DATA Start Marker
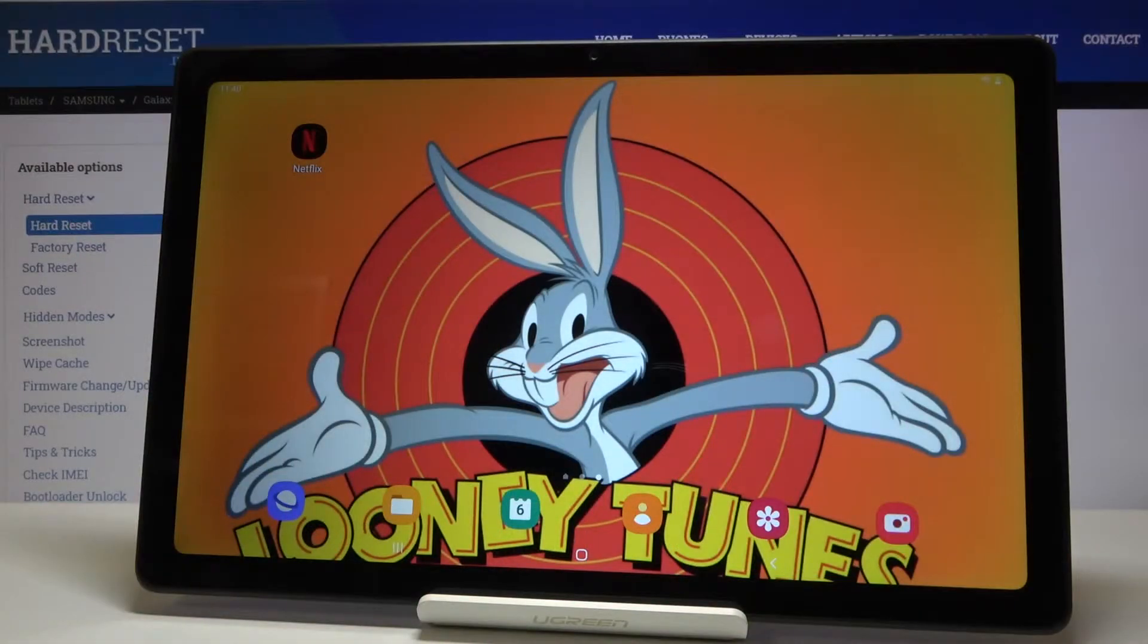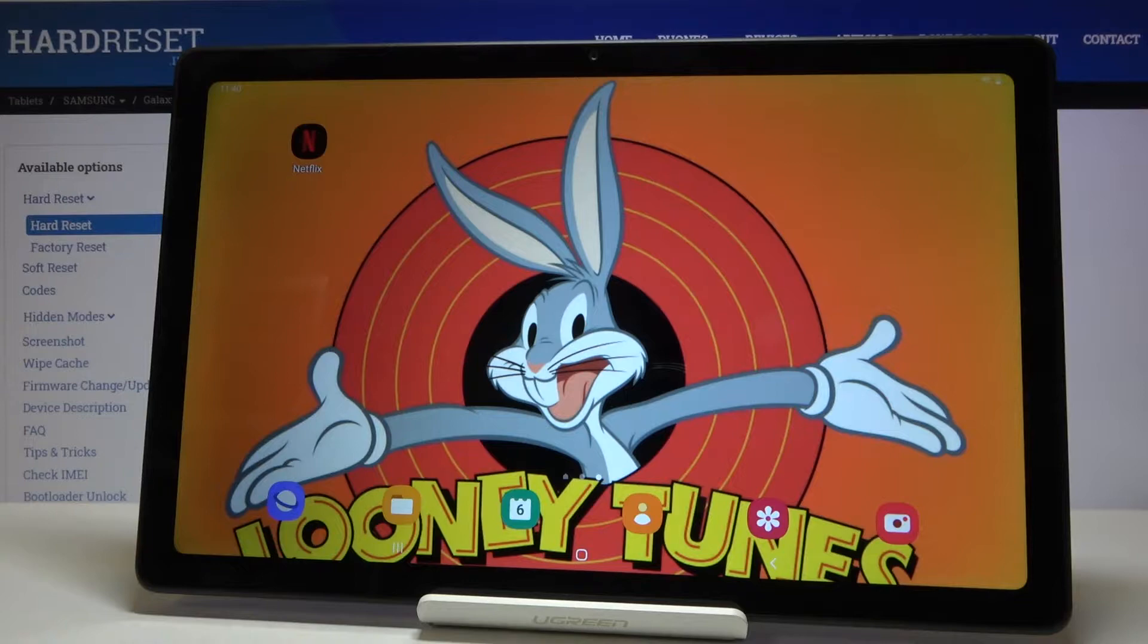In front of me is Samsung Galaxy Tab A7 from 2020 and let me show you how to activate auto capitalization on the following device.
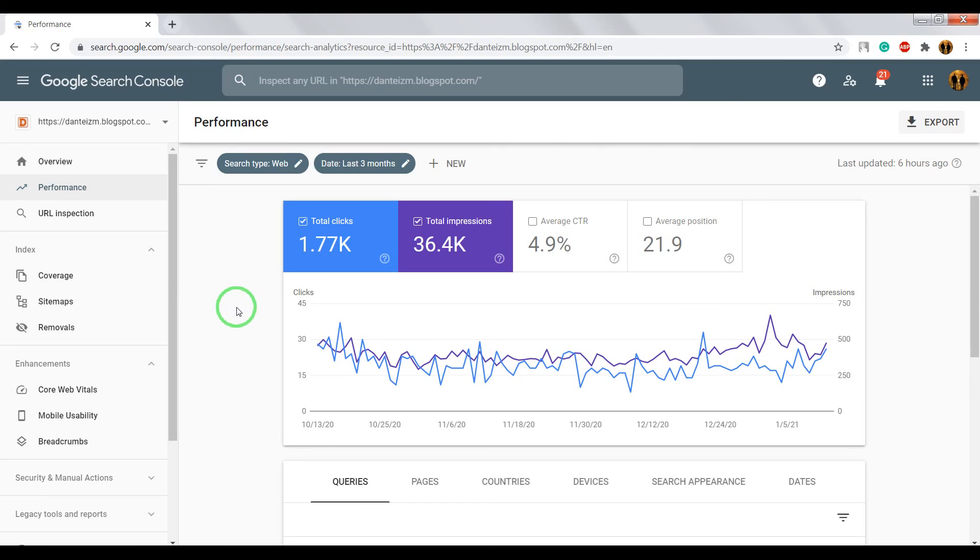So, in next video we will talk about Google Search Console much more. So, if you like this and want to see new video about this, click on finger up and subscribe on my channel. Bye.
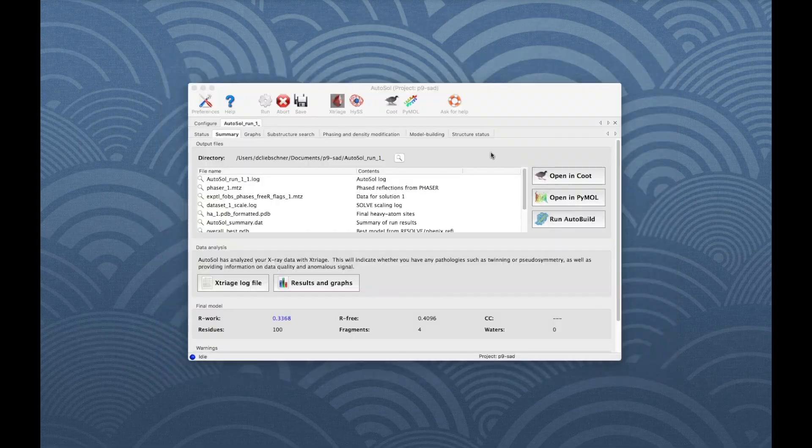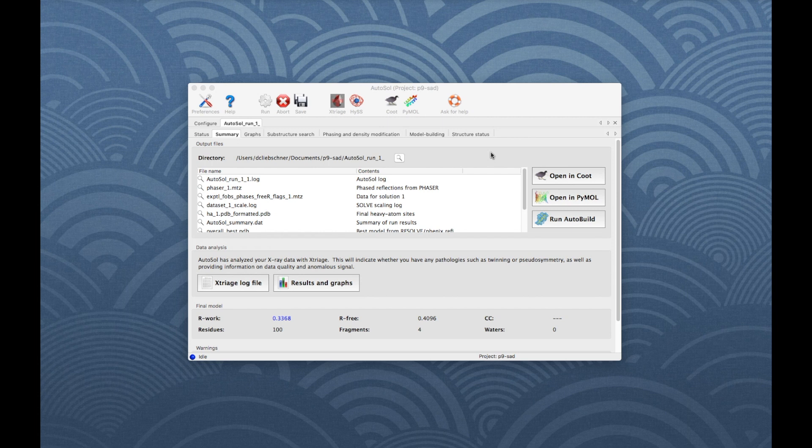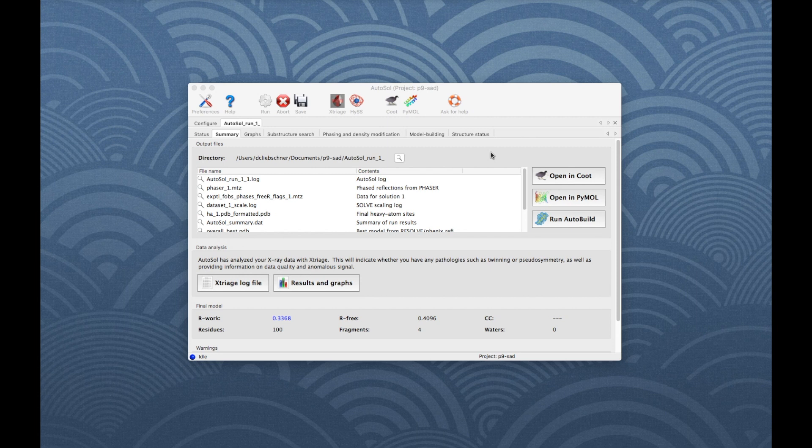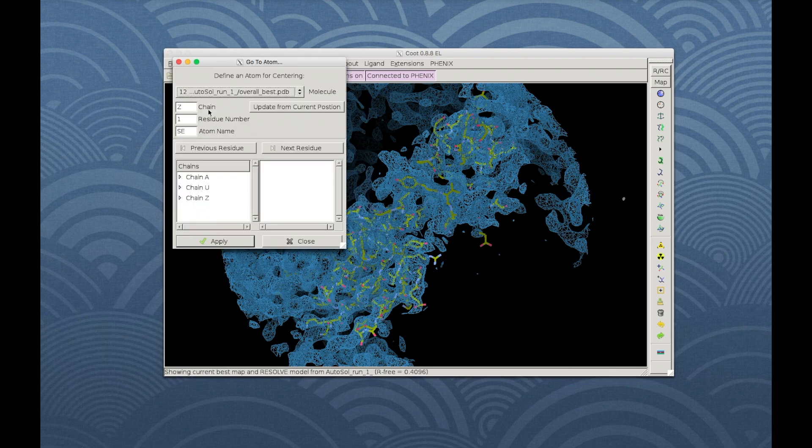The Summary tab shows final statistics and output files. The correct solution in this case is unambiguous based on visual inspection, the refinement R-factors and the correlation coefficient. To open the model and final map, click Open in Coot. Select the first atom in chain A to center on the molecule.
DATA End Marker
▸ **HOW TO COMPLETE THIS TASK**
Copy the material above in full and exactly, skipping pictures.

▸ **RESPONSE AREA**
In front of me is Samsung Galaxy Tab A7 from 2020 and let me show you how to activate auto capitalization on the following device.
So, in next video we will talk about Google Search Console much more. So, if you like this and want to see new video about this, click on finger up and subscribe on my channel. Bye.
The Summary tab shows final statistics and output files. The correct solution in this case is unambiguous based on visual inspection, the refinement R-factors and the correlation coefficient. To open the model and final map, click Open in Coot. Select the first atom in chain A to center on the molecule.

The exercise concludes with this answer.